この車両の9月(19日稼働)の売上高は97万5554円で、1日平均が約5万1345円であり、売上げは悪くない。1日当たりの最大売上げは7万3474円、最少が3万1200円。1日平均5万1345円となる計算だ。売上げに大きな差があるのは、運行回数の差によるものだ。
利益は、必ずしも売上高と連動していない。売上げが最小の「3万1200円」だった日の営業利益は1353円、利益率は4・0%だ。一方、売上げ「6万7478円」の日でも、高速道路料金(1万820円)が圧迫し1567円の赤字になった。
この車両の9月の「固定費」は39・9%、「変動費」が25・7%、「一般管理費」が22・8%、「高速道路費」が10・7%、そして「利益」は0・9%。かろうじて赤字を免れた。一般管理費率の高さは荷主からも指摘されているという。


■運賃交渉での活用も

 運賃は、相場に比べれば「それほど悪くはない」が、利益が出ない。ソフトウェアを活用するうち、B社長は、手待ち時間の発生が利益に大きく影響していることに改めて気づいたという。

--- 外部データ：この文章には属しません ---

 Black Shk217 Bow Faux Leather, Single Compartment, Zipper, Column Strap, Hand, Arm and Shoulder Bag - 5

A社の運転手の平均残業時間は1日4~5時間。1時間当たり1500円近い残業手当を払うと、利益は瞬く間に消えてしまう。手待ち時間の解消は利益に大きく直結するため、B社長は今後粘り強く荷主に理解を求めていく考えだ。
スポット輸送からの撤退の際、配車担当は原価計算ソフトを「無用」として利用を一時中断したが、現在では荷主へのアピール材料とするところまで活用度は上がってきている。過日、プリントアウトした原価計算データを荷主に提示したところ、荷主からは、あまりにも詳細に収益管理していることに驚かれたという。
今後は、この原価計算結果を活用して運賃交渉に発展させていくことをめざしている。